Why You Go Blank in Important Meetings (And How to Stop It)

    You know exactly what you want to say. You have thought it through, maybe even rehearsed it. Then the moment arrives, someone asks you a question or you get the chance to speak, and your mind empties completely.

    It is one of the most frustrating experiences in professional life, and it happens to far more people than you might think. Research on speech anxiety suggests that around 75% of people experience some degree of anxiety when speaking in front of others. A 2023 survey of hybrid and remote workers found that 80% feel anxious before meetings, and 35% of adults report avoiding speaking up in meetings altogether because of how it makes them feel.

    Going blank is not a confidence problem, a preparation problem, or a sign that you are not cut out for high-pressure situations. It is a physiological response, and once you understand what is actually happening, you can do something about it.

    What Is Actually Happening When You Go Blank

    When you are about to say something important, whether that is contributing to a meeting, raising a concern, or responding to a challenge, your brain reads the situation as high-stakes. That triggers the stress response: adrenaline and cortisol flood your system, your heart rate rises, your breathing shallows, and your body prepares for action.

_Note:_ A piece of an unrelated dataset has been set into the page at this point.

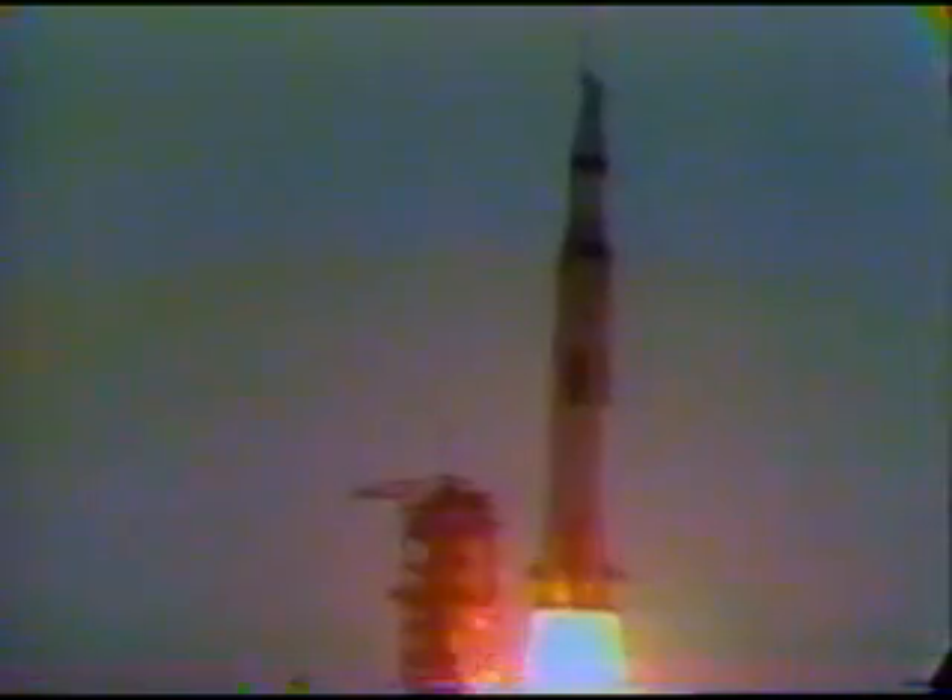Two minutes past the hour. Locked up on Apollo 11. Tower cleared. We got a roll program. Neil Armstrong reporting their rolling pitch program, which puts Apollo 11 on a proper heading. Plus 30 seconds. We're all complete on mission program. One Bravo — One Bravo is an onboard control mode.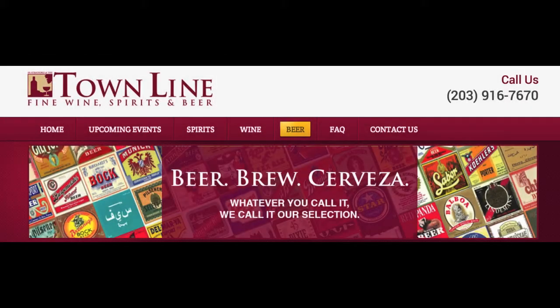So enter. It's our bomber collection contest here for Poppin' Caps at Townline Fine Wine Spirits and Beer in Stratford. We'll see you next time. Bye.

    The problem is that the same stress hormones that sharpen your physical responses actively impair the cognitive ones you need most. Research on stress and memory retrieval has found that cortisol released in the lead-up to a high-pressure moment can significantly impair the recall of information you have previously learned. The slow cortisol response, which peaks several minutes after stress begins, specifically disrupts memory retrieval at precisely the moment you need it.

    Studies on working memory under stress show that when cortisol levels are elevated, the brain's ability to hold and process information in real time is compromised. It is not that you have forgotten what you know. It is that the pathways you need to access it are temporarily disrupted. As one way of putting it: your brain has shifted into survival mode, redirecting energy away from complex thinking and towards immediate physical response. That is useful if you need to run. It is less useful if you need to articulate a clear point in a budget meeting.

    Research on anxiety and working memory reinforces this: anxious thoughts consume cognitive bandwidth, leaving less capacity for verbal fluency, recall, and the ability to think on your feet. This is why going blank tends to happen most severely in the moments that feel most important. The higher the perceived stakes, the stronger the stress response, and the more it interferes with exactly the thinking you need.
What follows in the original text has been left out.